• _Task requirements_
Output every line of the material exactly, omitting images.

• _Supplied material_

--- START ---

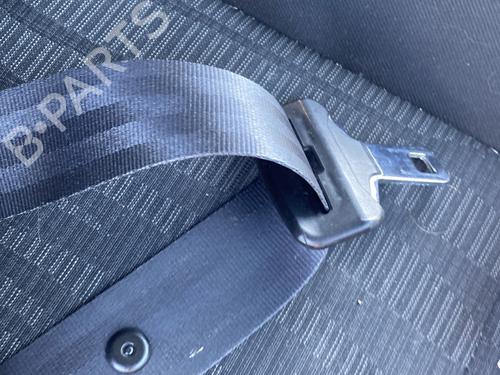 front-right-seatbelt-dacia-duster-hs_-2010-2011-2012-2013-2014-2015-2016-2017-2018-32449191 main image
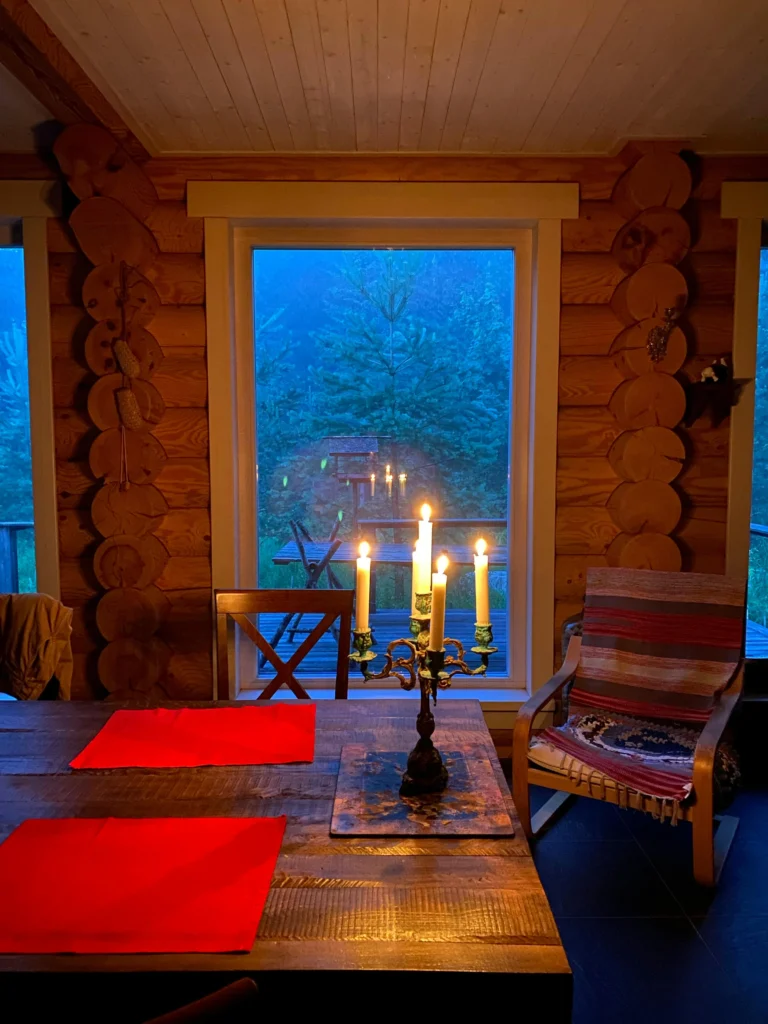 Dreamy Cozy Cabin Vibes You’ll Want All Year Long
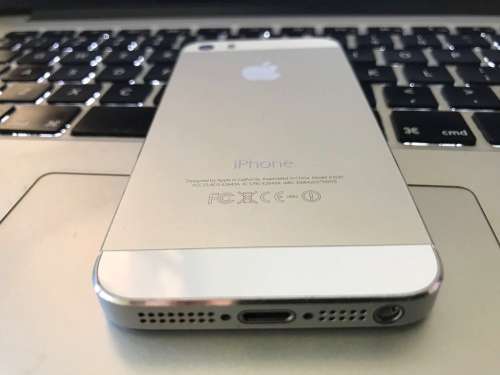 iPhone 5s 64GB Silver {Good Condition} (6 Month Warranty)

--- END ---

• _Task result_
 front-right-seatbelt-dacia-duster-hs_-2010-2011-2012-2013-2014-2015-2016-2017-2018-32449191 main image
 Dreamy Cozy Cabin Vibes You’ll Want All Year Long
 iPhone 5s 64GB Silver {Good Condition} (6 Month Warranty)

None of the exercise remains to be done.